Even the most casual football fan knows, thanks mostly to Ace Ventura, that if the holder can’t position the laces of the football to face away from the kicker, everything is doomed. Jeff Locke was the man charged with getting the laces out, and he failed. From the moment Locke caught the snap and placed the ball down, the white laces prominently stared Walsh in the face. The kick was bound to fail. And fail it did.
The Football Slipped
It wasn’t enough for the laces to be facing in. That wouldn’t have been cruel enough. Also, the ball slipped forward when Locke placed it on the ground, creating an undesirable angle for Walsh’s foot. Not only was Walsh dealing with a frozen field, minus 2-degree weather and grinning laces, his ball was thrown off its axis. Those factors would defeat even the greatest of kickers.

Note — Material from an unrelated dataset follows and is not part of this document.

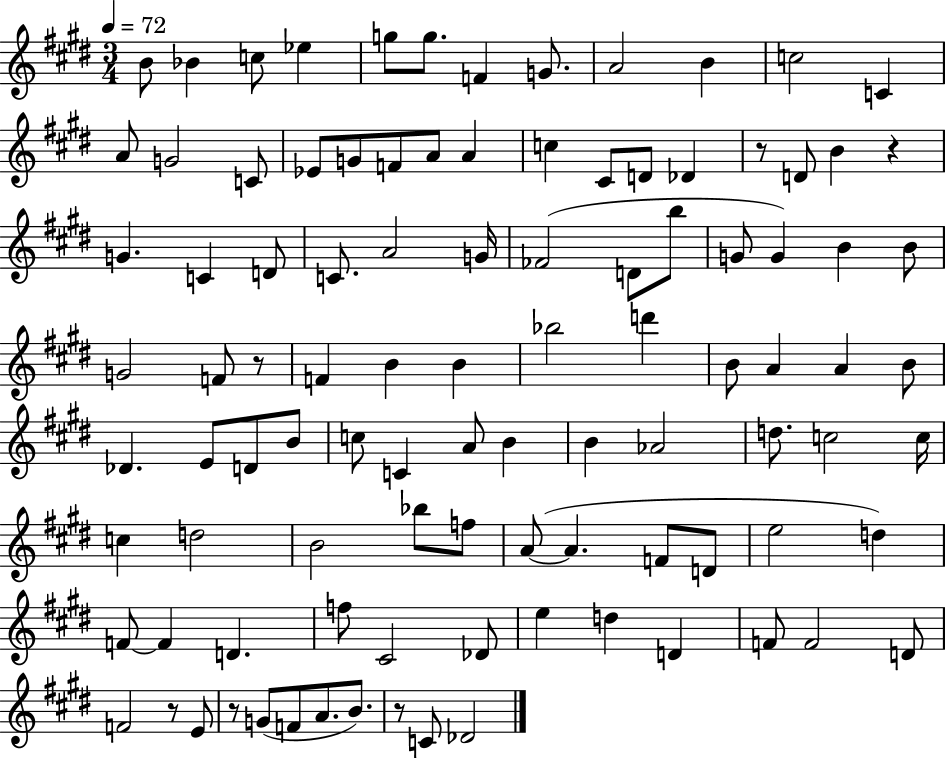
B4/e Bb4/q C5/e Eb5/q G5/e G5/e. F4/q G4/e. A4/h B4/q C5/h C4/q A4/e G4/h C4/e Eb4/e G4/e F4/e A4/e A4/q C5/q C#4/e D4/e Db4/q R/e D4/e B4/q R/q G4/q. C4/q D4/e C4/e. A4/h G4/s FES4/h D4/e B5/e G4/e G4/q B4/q B4/e G4/h F4/e R/e F4/q B4/q B4/q Bb5/h D6/q B4/e A4/q A4/q B4/e Db4/q. E4/e D4/e B4/e C5/e C4/q A4/e B4/q B4/q Ab4/h D5/e. C5/h C5/s C5/q D5/h B4/h Bb5/e F5/e A4/e A4/q. F4/e D4/e E5/h D5/q F4/e F4/q D4/q. F5/e C#4/h Db4/e E5/q D5/q D4/q F4/e F4/h D4/e F4/h R/e E4/e R/e G4/e F4/e A4/e. B4/e. R/e C4/e Db4/h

Walsh Hadn’t Kicked Since the End of the Third Quarter
Walsh’s final field goal before the fateful miss came with two seconds left in the third quarter. After he kicked off, he sat the entire fourth quarter in frigid temperatures before trotting out with 26 ticks left on the clock. In other words, my man was cold, both mentally and physically. He sat for 15:28 of game time, which for a nationally televised NFL playoff game can translate to over 30 minutes of real time. Kickers need to get into a rhythm like the rest of their teammates do. Sitting that long in brutally cold weather could only have hurt Walsh’s chances at making that kick, no matter how short it was.
His NFL Combine Scouting Report May Have Predicted The Missed Kick
Four years ago, after Walsh attended the NFL Scouting Combine, nfl.com broke down his strengths and weaknesses heading in to the 2012 NFL Draft. The plusses? Walsh was said to be able to “let it rip” from 60 yards or more, and was “most reliable in mid-range kicks.” His weaknesses, though, may have predicted the story of the missed kick four years before it happened.

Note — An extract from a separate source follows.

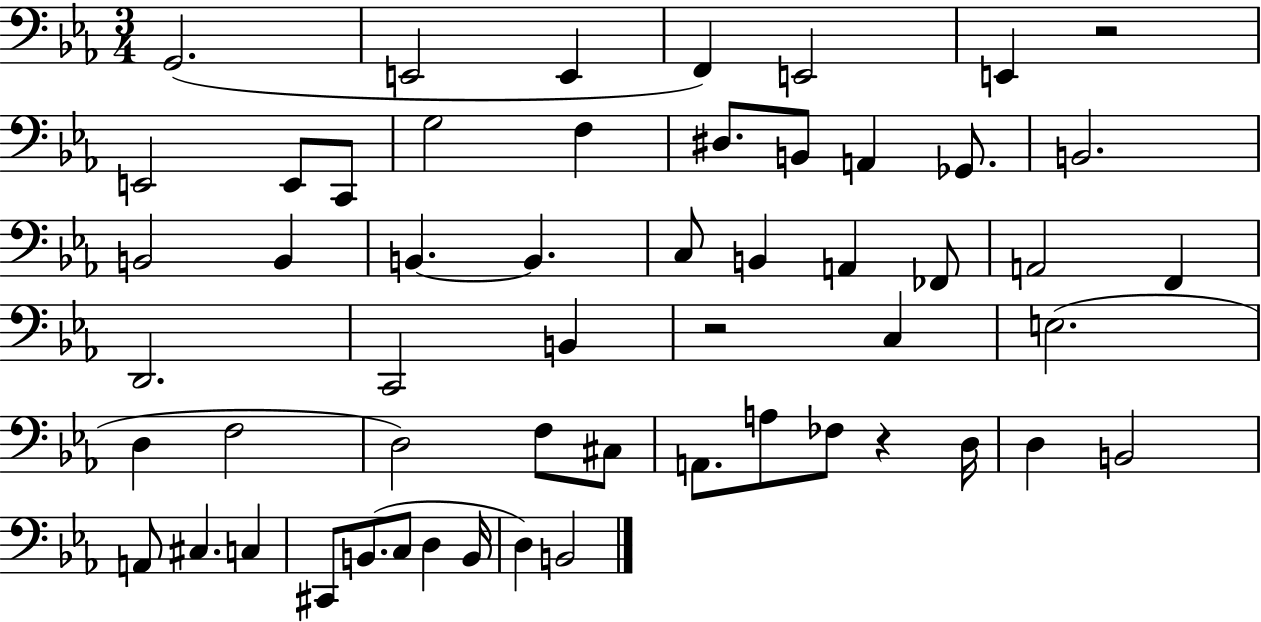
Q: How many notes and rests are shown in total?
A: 55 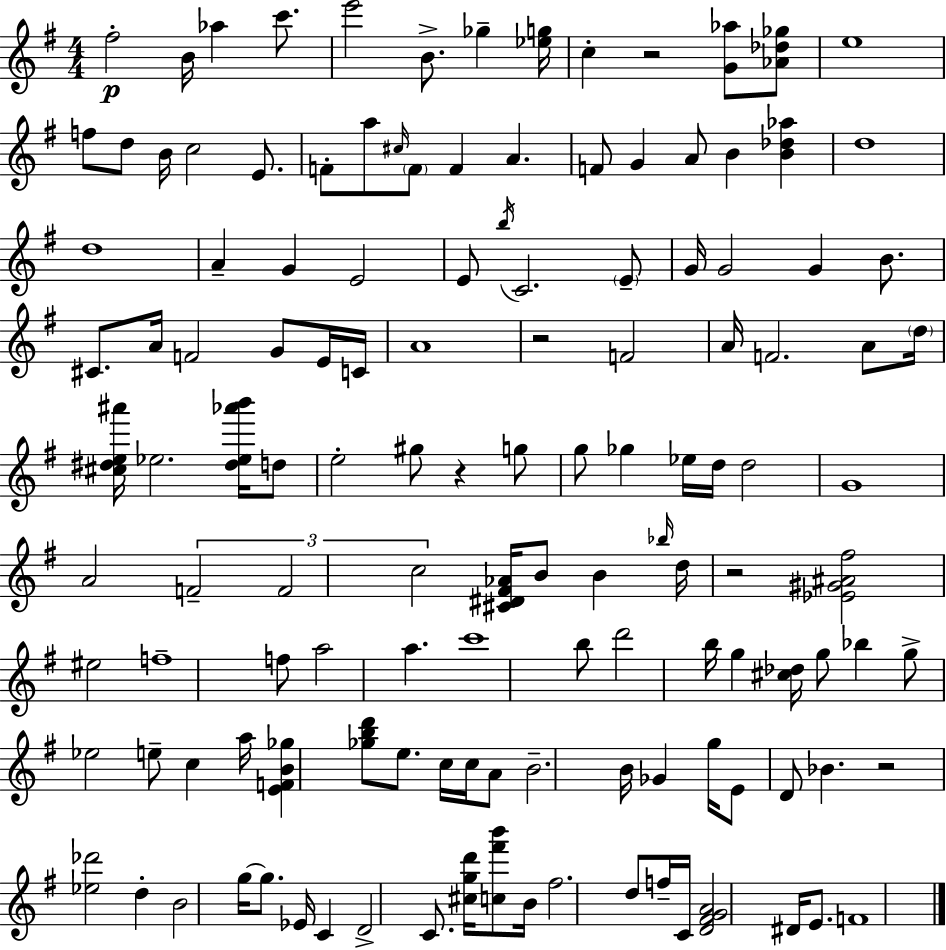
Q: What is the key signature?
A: E minor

“Walsh has been inaccurate at times when he tries to drive the ball too hard,” the scouting report says. Walsh missed 14 field goals his senior year at Georgia, presumably because he tried to blast the ball when he didn’t need to. That certainly looks to have been the case yesterday in Minnesota, as Walsh lasered the football when he only needed 27 yards. Thus, wide left.